Hallucinogens act on deeper mechanisms that control from visual perception all the way to the sense of self. It can fundamentally change during the experience the way you see yourself and the world. It's not uncommon for users of LSD or DMT and psilocybin to describe the experience as getting in touch with the interconnectedness of all things. Also bad trips can be very terrifying because of how much you are exposed to the experience. Like dying or feeling the fleeting nature of existence very present in your skin.

All this to say that videos don't do any of this justice. It's just a fun way to represent the image distortions.

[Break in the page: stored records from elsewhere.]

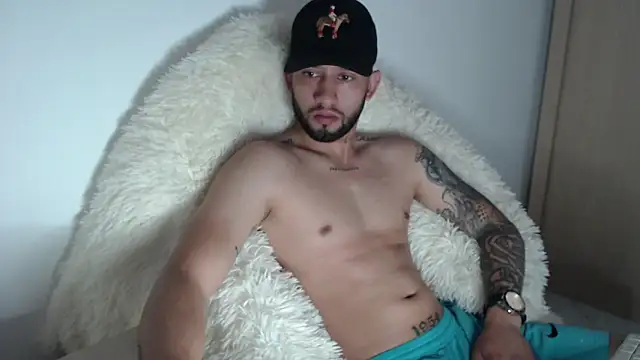 Snapshot of maxXximo777 chatting on January 15, 6:50 pm maxXximo777 online show from January 15, 6:50 pm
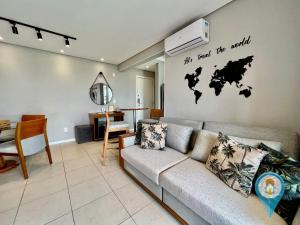 a living room with a couch and a map on the wall at N1204 Perfeito apto para férias e Beto Carrero! in Penha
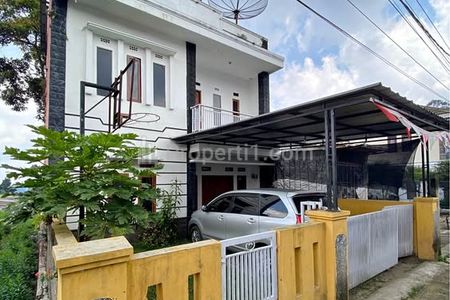 Dijual Rumah Seken Terawat 2 Lantai Murah di Cihanjuang Cimahi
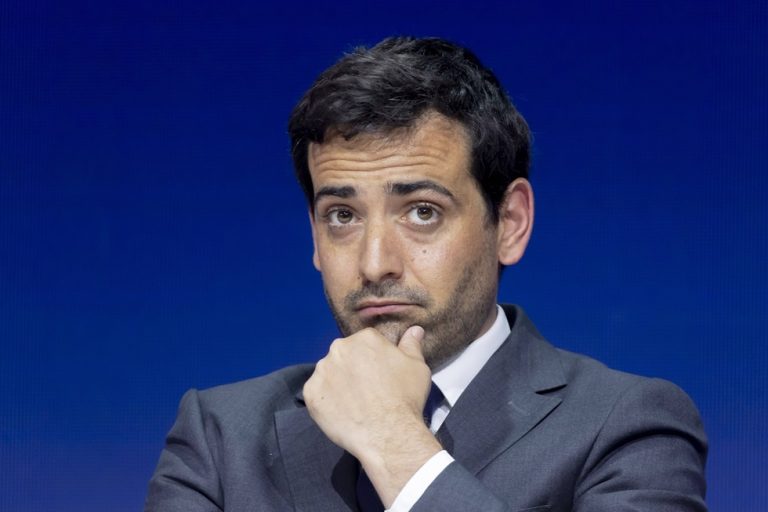 في مسعى لتحسين العلاقات.. وزير الخارجية الفرنسي يزور المغرب ويلتقي بوريطة غدا الاثنين.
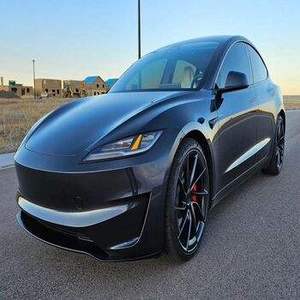 รถซีดานไฟฟ้าสมรรถนะสูง ปี 2024 |   มอเตอร์คู่ขับเคลื่อนสี่ล้อ |   แบตเตอรี่ 90-110 กิโลวัตต์ชั่วโมง |   ระยะทางไกล 601-700 กม. |   การชาร์จรถยนต์ไฟฟ้าแบบเร็ว |   50-100 กิโลวัตต์ - Product Image 5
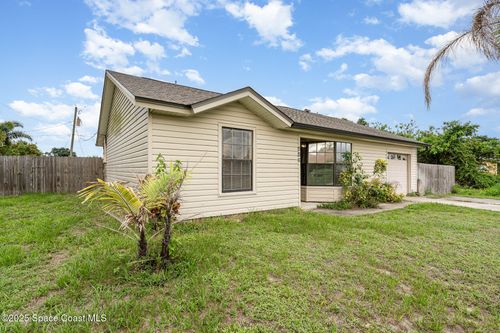 559 Diamond Ave Ne, Palm Bay, FL, 32907-2618 | Card Image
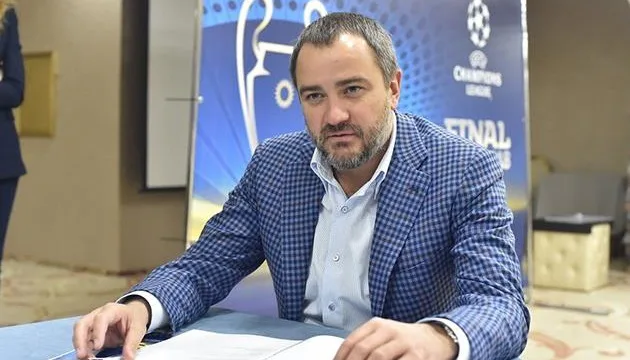 RazomUA - Фіктивні морепродукти та 295 мільйонів: ексголова УАФ Павелко затриманий у Братиславі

I get that, and I guess I try to extrapolate from the image-based examples to other senses and congnition in general. The image replications give me the idea that there is some generative extrapolation based on actual sensory input a seed going on, like the brain circuitry that goes and re-imagines the input consciously going haywire and growing and extrapolating into overdriven, bizarre directions.

I recently read "A Brief History of Intelligence" by Bennet which spends quite a bit of time dwelling on "generative" simulation mechanisms in brain function and their role in cognition from prediction to mentalizing, and I think I can get a rough sense of how this would all click together.

It makes sense why creative/artistic people may be drawn to this and could consider it a heightened form or a letting loose of their normal processes, etc.

But to me it's still not that attractive. I can never shake the idea that it's a bit like driving a system past specifications and assigning meaning to malfunctions, and essentially lying to yourself. I get it's not black and white, and obviously philosophy is rife with arguments and takes on what is true experience and cognition, but given the risks and downsides I'd rather not.

I'm very fine with other people occupying different points on the spectrum.


>generative extrapolation based on actual sensory input a seed going on

>brain circuitry that goes and re-imagines the input consciously going haywire and growing and extrapolating into overdriven, bizarre directions.

>assigning meaning to malfunctions, and essentially lying to yourself

The problem is that your description fully applies to "normal", non-chemically-altered cognition. Miscognitions propagate. The spec only goes as far as anatomically modern, i.e. cavefolk, where the error correction mechanism there is "get eaten by wild animals, having failed to reproduce".

We don't have sabertooth tigers any more, we have a planetary-scale material culture developed over millenia. It provides for our safety; it records and propagates imprints of what we think, say, and do; it makes meaningful actions out of human utterances and movements, by providing them with interpretations (shared collective cognitions).

It's a safe and rich environment, one where people get to live safe lives in the grasp of utter, insane delusion, we just can't agree on which ones exactly are the deluded ones. We consider that one is responsible primarily for one's own actions, so let's start with the self, shall we.

What is one to do, if one wants to say the words "I am not lying to myself" in the sense of an actual falsifiable statement, and not just as a form of "I'm significant... said the dust speck"?

I mean, how do you even know? Couldn't you just lie to yourself about that one, too, and carry on none the wiser?

You know how you can look at your eye with your eye, by means of routing photons through space in a clever way, with some help from that best friend of the psychonaut - the bathroom mirror?

Turns out you can also look at your mind with your mind, by routing concept-patterns though time in a clever way, by means of chemicals which alter the activation thresholds and signal propagation times throughout your body.

And what this gives you is a basis for comparison. Otherwise, you simply don't know. You're taking your introspection on faith, and that's massively irresponsible towards everyone else. Ask me how I know.


Ever heard of "The Doors of Perception" by Aldous Huxley?